Когда Янис закончил греметь ведрами, лоханью и заслонкой печи и доложил, что «купание для этого драного шведского щенка готово», Марта осторожно разбудила Йохана. Он первым делом порывисто вскочил, ища глазами несуществующего коня, а рукой — повод, но потом устало и мечтательно улыбнулся:
— Теплая вода, какое это удовольствие! Последний месяц я купался исключительно в болотной жиже…
А потом серьезно посмотрел на Марту:
— Милая моя, крови не боишься? Я, как кобель после хорошей драки, — весь в отметинах…
Марта испуганно вскрикнула, но пастор сурово посмотрел на нее и послал в кладовку за чистыми тряпками и корпией. Из своего кабинета он принес небольшую бутыль темного стекла, содержавшую настоянный на целебных травах бальзам для промывания ран.
Когда Йохан снял потрепанный мундир, рассеченный в нескольких местах кожаный камзол и, не без помощи Марты и пастора, отодрал от тела густо испачканную запекшейся кровью грязную рубаху, Марта вновь вскрикнула и больно укусила себя за кулак, чтобы некстати не упасть без чувств. На правом предплечье Йохана темнел засохшей кровяной коркой глубокий продольный порез, грубо зашитый заскорузлой толстой ниткой. Пастор недовольно пожевал губами при виде этих следов незатейливой солдатской медицины и спросил по существу:
— Желтая сукровица точится? Лихорадка не прикинулась ли?

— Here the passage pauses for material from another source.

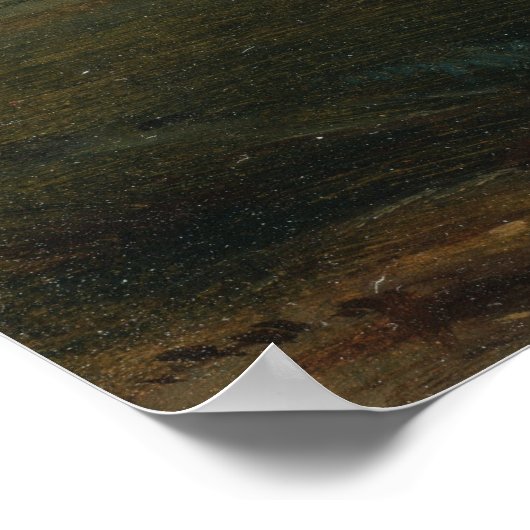 Stabiel - Stonehenge op zonsondergang Poster (Hoek)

— Вроде нет… Засыхает понемножку.
— Вот и хорошо! Это оттого, что, по Божьей милости, на молодом теле все исцеляется легко. Марта, подай ножницы! Разрежем эти гордиевы узлы. Еще древнеримский врачеватель Галлен предписывал заложить заживающие поверхностные раны от меча корпией и крепко, но вольно забинтовать.
Марта мимоходом в тысячный раз изумилась глубине познаний своего воспитателя.

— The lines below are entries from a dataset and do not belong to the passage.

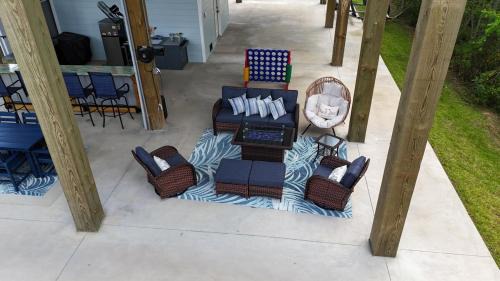 Shoreline Park House | Waterfront Canal Retreat w/Dock and Patio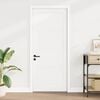 vidaXL Interior Door ORKDAL White 83 x 202 cm Plywood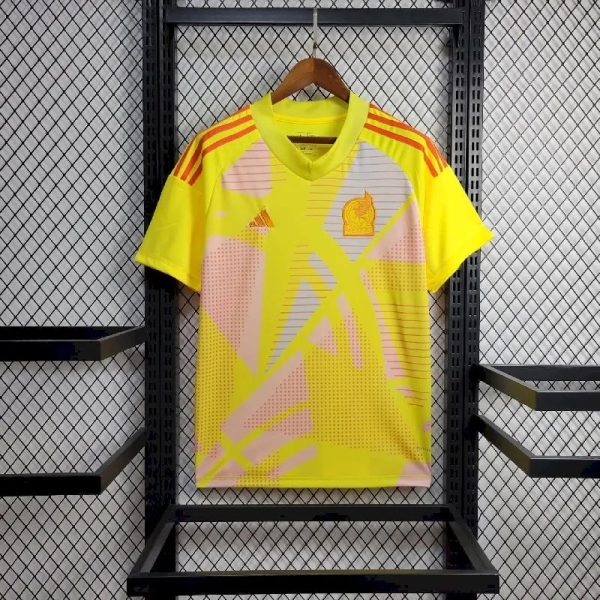 Mexico 2024/25 Goalkeeper Jersey - Image 2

— Это след от сабли? — спросила она. — Любимый, тебе было очень больно?
— В горячке едва заметил, — стараясь не морщиться, пока пастор обихаживал его руку, ответил Йохан. — Память от одного московского драгуна. Они довольно скверные рубаки: как видно, их едва учили владеть клинком. Но силы им не занимать, и храбрости тоже! Молотят палашом, словно хороший батрак цепом на гумне, и ревут при этом, как бешеные медведи… Если только медведи бывают бешеные!

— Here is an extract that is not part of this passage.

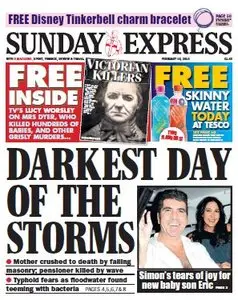 SUNDAY EXPRESS - 16 February 2014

— Они великий народ и еще свершат великие дела, — назидательно заметил пастор.
— Они странный народ! — заметил Йохан. — В них словно поровну и худа, и добра. Я видел, как они безжалостно кололи багинетами [13]наших пехотинцев, которые уже бросили мушкеты и перестали сопротивляться… А один парень из Риги, рейтар, встретившийся нам по дороге — он угнал у казаков коня и сбежал из плена, — рассказывал иное. Едва прошла первая горячка, московиты принялись собирать раненых, не делая разницы между своими и нашими. И всякий хотел угостить шведа, словно дорогого гостя, кто табаком, кто водкой, кто сухарем…
13
?Багинет — род штыка, вставлявшегося в ствол ружья.